A millionaire Iranian businessman faces jail for "mutilating" a number of priceless rare books, some almost 500 years old, to improve his own collection.

By Stephen Adams, Arts Correspondent

ImageKnightsbridge-based Farhad Hakimzadeh, chairman of the Iranian Heritage Foundation, cut out pages from manuscripts at the British Library and Oxford University's Bodleian Library.

He removed the pages with a scalpel that he smuggled into the institutions' rare books reading rooms, hiding his actions from CCTV cameras installed to protect the books. Then he took the pages home and inserted them in his own inferior copies.

Police said Hakimzadeh, 60, the director of a company that publishes books on the Middle East and a published author, was likely to be jailed for his actions.

He pleaded guilty to 14 counts of theft in May, relating to pages found by Metropolitan Police officers at his large personal library. They were from 10 British Library books four Bodleian works.

The 10 British Library books which he admitted damaging were worth £71,000 alone. A single page that he cut out from one 1537 book – a world map by Hans Holbein the Younger, who painted Henry VIII – was worth £30,000.

But staff at the British Library, who checked 842 books borrowed by Hakimzadeh, said they believed the actual number of damaged works was much higher.

Dr Kristian Jensen, head of British collections at the British Library, said: "We believe that 150 items have been mutilated by him between 1997 and 2005. Mr Hakimzadeh used considerable skill and deceit to carry out these mutilations and in many instances they were initially difficult to detect."

Staff think many stolen pages will never be recovered.

Dr Jensen said he was "extremely angry" about what Hakimzadeh had done "for his own personal gain".

He said: "Obviously I'm angry because this is somebody extremely rich who has damaged something which belongs to everybody, completely selfishly destroyed something for his own personal benefit which this nation has invested in over generations."

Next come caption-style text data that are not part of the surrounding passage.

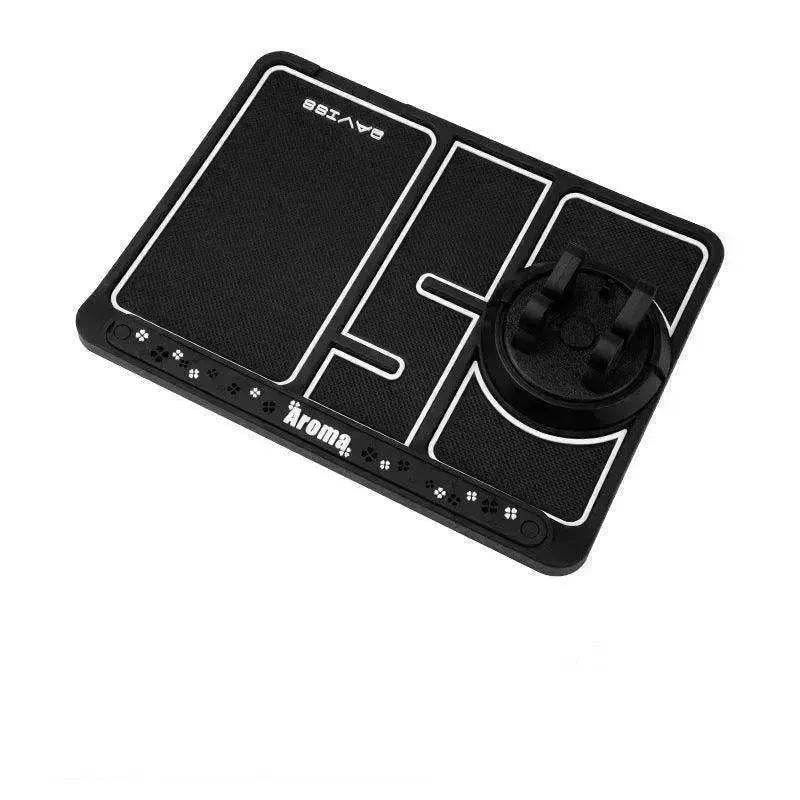 Car Phone Pad 4-in-1 Parking Number Card Anti-Slip Mat Auto Holder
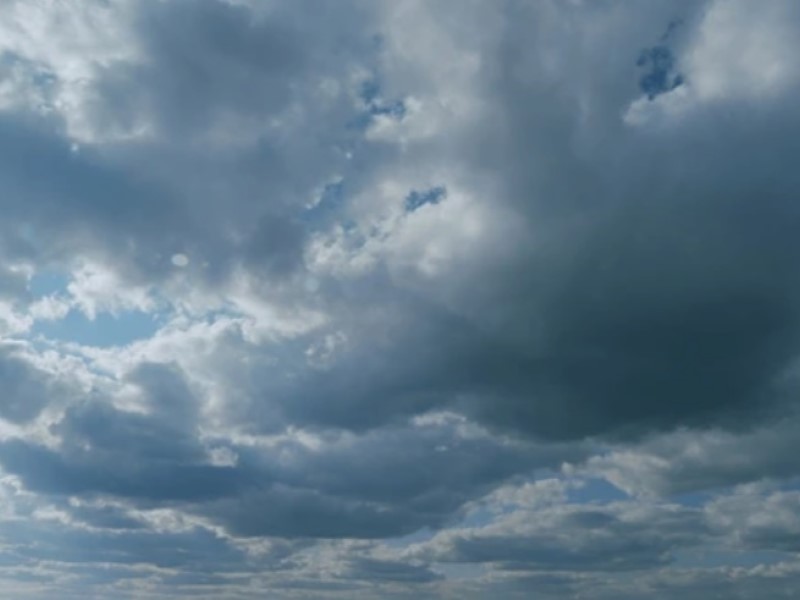 regenwolken am himmel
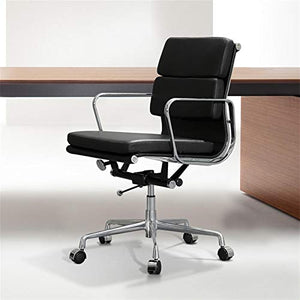 None Executive Bonded Leather Mid-Back Office Chair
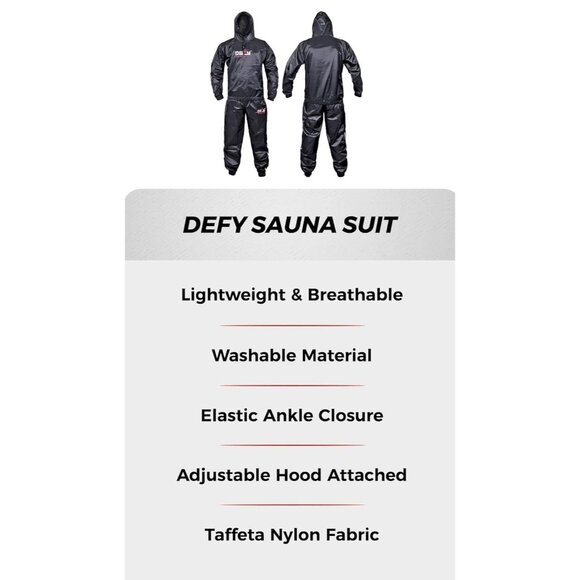DEFY Heavy Duty Sauna Sweat Suit Gym / Workout READ MEASUREMENTS IN DESCRIPTION) - Picture 13 of 14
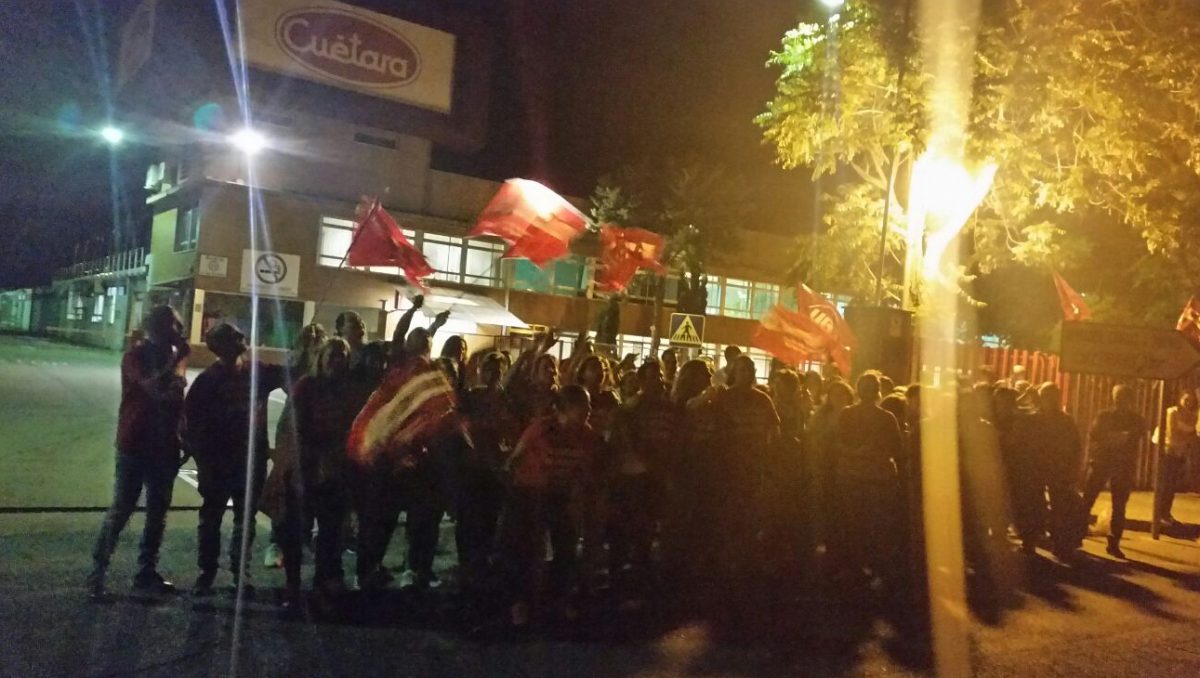 Los trabajadores de Cutara en huelga por la defensa del convenio colectivo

Most of the books he damaged concerned West European experiences of travel and colonisation in the Middle East and dated from the 16th, 17th and 18th centuries.

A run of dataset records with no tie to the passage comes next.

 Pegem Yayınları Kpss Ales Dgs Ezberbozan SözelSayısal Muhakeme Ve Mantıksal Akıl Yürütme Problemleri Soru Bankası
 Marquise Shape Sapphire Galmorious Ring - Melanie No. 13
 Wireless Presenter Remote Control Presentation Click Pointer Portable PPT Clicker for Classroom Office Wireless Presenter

Hakimzadeh's "targeted mutilation" was "an attack on the nation's collective memory of its own past", Dr Jensen said.

He said he could "not really speculate on his motivation" but added: "Clearly he inserted these pages into copies of his own books. Our copies are in considerably better condition than his."

By doing so "he could end up – to the superficial eye – with a better copy".

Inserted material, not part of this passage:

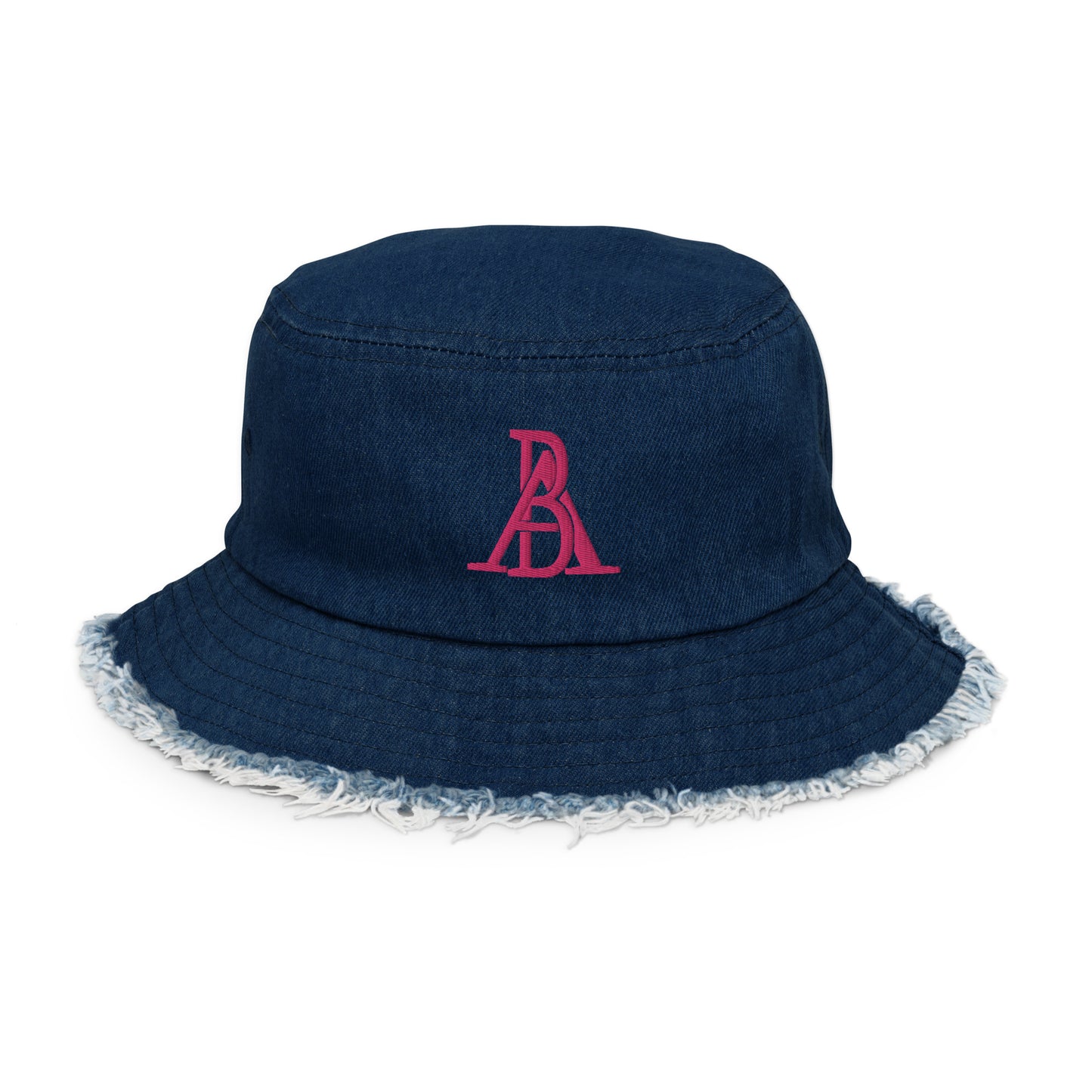 AB Distressed denim bucket hat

But the products of Hakimzadeh's work were merely "pieces of historical falsification", he said.

The library proved some pages were stolen by matching bookworm holes in them with the original text.

Hakimzadeh's crimes came to light when a reader alerted British Library staff that a book had been damaged.

Detective Chief Inspector Dave Cobb, of the Metropolitan Police, said: "It proved extremely difficult for the libraries to detect the absence of these pages as Hakimzadeh took care to select material that only an expert would be able to identify.

"He chose unique and rare editions and was therefore able to go undetected for some time. Some of the stolen pages were recovered at his home address but many more have been lost forever."

The businessman, of Rutland Gardens, Knightsbridge, is due to be sentenced at Wood Green Crown Court in north London on November 21.

The British Library has launched separate civil proceedings against him.

An Oxford University spokesman said it was "pleased" that the criminal case was being brought to a close.